A tangled web of access to information: reflections on R (on the application of Evans) and another v Her Majesty's Attorney General

Karen Mc Cullagh


The Freedom of Information Act 2000 (‘FOIA’) came into force on 1 January 2005. It created, for the first time, a statutory right of access to information held by a wide range of public authorities. The right of access extends to all information held, regardless of how old the information is and the format in which it is held, unless one of the absolute exemptions listed in the Act is applicable, or the public interest test for disclosure is not satisfied in respect of a qualified exemption. Significantly, the Act also contains a power of ministerial veto, the effect of which is that orders to disclose information under the Act are rendered ineffective if a minister certifies that they have “reasonable grounds” for having formed the opinion that non-disclosure would not be unlawful.
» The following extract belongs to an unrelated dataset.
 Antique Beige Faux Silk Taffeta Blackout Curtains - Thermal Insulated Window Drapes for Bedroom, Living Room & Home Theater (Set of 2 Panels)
Prior to R (on the application of Evans) and another v Attorney General, there was a lack of certainty regarding what constituted ‘reasonable grounds’ for the issuance of a ministerial certificate.  As well as clarifying the threshold for reasonable grounds for issuing a veto, this judgment also engages in a discussion of the relationship between three fundamental constitutional principles: the rule of law, separation of powers and parliamentary sovereignty to determine the extent to which it is legally and constitutionally legitimate for a court exercising powers of judicial review to strike down a Government Minister’s decision made under powers granted by Parliament to overturn an independent judicial tribunal’s judgment. Thus, the decision is of interest to those seeking to assess its potential contribution to discourse on common law constitutionalism.